# To do
Repeat the data exactly as it stands.

[Items from a data source]
───

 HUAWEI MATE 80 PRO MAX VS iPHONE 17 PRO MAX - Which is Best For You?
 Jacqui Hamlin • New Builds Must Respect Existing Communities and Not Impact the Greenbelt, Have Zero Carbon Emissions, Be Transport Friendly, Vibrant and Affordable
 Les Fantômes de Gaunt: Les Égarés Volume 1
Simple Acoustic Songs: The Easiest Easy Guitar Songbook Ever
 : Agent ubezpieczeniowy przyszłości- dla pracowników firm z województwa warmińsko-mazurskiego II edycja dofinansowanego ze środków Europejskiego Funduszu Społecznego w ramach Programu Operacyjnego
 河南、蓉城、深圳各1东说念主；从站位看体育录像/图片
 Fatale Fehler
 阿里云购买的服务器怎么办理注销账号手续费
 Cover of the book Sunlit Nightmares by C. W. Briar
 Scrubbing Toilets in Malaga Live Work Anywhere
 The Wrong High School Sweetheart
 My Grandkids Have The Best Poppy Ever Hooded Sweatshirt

───

# Task output
 HUAWEI MATE 80 PRO MAX VS iPHONE 17 PRO MAX - Which is Best For You?
 Jacqui Hamlin • New Builds Must Respect Existing Communities and Not Impact the Greenbelt, Have Zero Carbon Emissions, Be Transport Friendly, Vibrant and Affordable
 Les Fantômes de Gaunt: Les Égarés Volume 1
Simple Acoustic Songs: The Easiest Easy Guitar Songbook Ever
 : Agent ubezpieczeniowy przyszłości- dla pracowników firm z województwa warmińsko-mazurskiego II edycja dofinansowanego ze środków Europejskiego Funduszu Społecznego w ramach Programu Operacyjnego
 河南、蓉城、深圳各1东说念主；从站位看体育录像/图片
 Fatale Fehler
 阿里云购买的服务器怎么办理注销账号手续费
 Cover of the book Sunlit Nightmares by C. W. Briar
 Scrubbing Toilets in Malaga Live Work Anywhere
 The Wrong High School Sweetheart
 My Grandkids Have The Best Poppy Ever Hooded Sweatshirt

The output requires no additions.